これは私自身のことです。もうだいぶ前の話ですが、友人数人と箱根へ行きました。箱根は関所の跡が博物館になっており、そこに昔のいわゆる山駕篭が展示してありました。箱根越えをするとき乗るものです。山駕篭というのは、大名駕篭と違いますから、それは意外と小さいものでした。そこで一同の共通した感想は、「小さいなあ」、「これでは窮屈だなあ」というものでした。しかし、そこを通り過ぎてしばらくして、顔を見合わせて笑ってしまいました。みんなで誰からとなく気づいたことがあったからです。それは、全員が、駕篭を見たとき、何も考えずに乗る立場にたってしまって、だから小さいなあといってしまったことです。しみじみと互いを見回したところ、この顔ぶれのなかに、その当時生きていたとして、駕篭に乗る身分だと思われる者はひとりもいません。きっと担いでいたほうの連中ばかりです。いい世の中になったおかげで、こうしてのんきに見物などしていられるわけです。

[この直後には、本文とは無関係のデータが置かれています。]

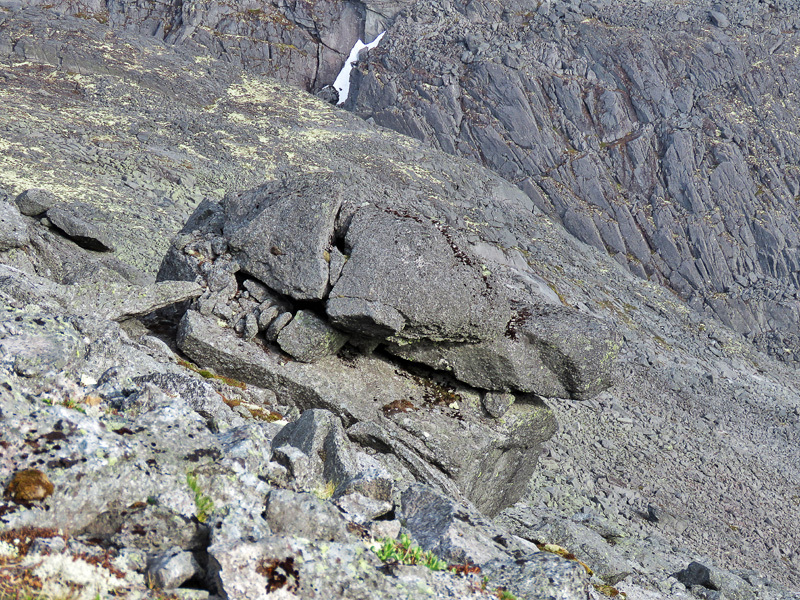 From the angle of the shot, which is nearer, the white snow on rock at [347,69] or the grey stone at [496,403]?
the grey stone at [496,403]

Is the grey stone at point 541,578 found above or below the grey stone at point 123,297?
above

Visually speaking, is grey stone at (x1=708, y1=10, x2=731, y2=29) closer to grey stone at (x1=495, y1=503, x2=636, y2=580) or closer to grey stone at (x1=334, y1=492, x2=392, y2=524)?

駕篭を見ると乗るものと思います。しかし駕篭は担ぐものでもあります。また縄をない竹や木を組み合わせて作るものでもあります。人には先入観があり、それにとらわれますから、大多数は乗るものと思ってしまうのです。同じ駕篭も立場によっていろいろであることにはなかなか気づきません。
同じ駕篭でも乗る立場からみるのと、担ぐあるいは作る立場からみるのではすっかり違ったものになります。大切なのは、ものや事柄それ自体ではなく、ものや事柄に対する関わり合いです。そこを柔軟にしなければいけないということです。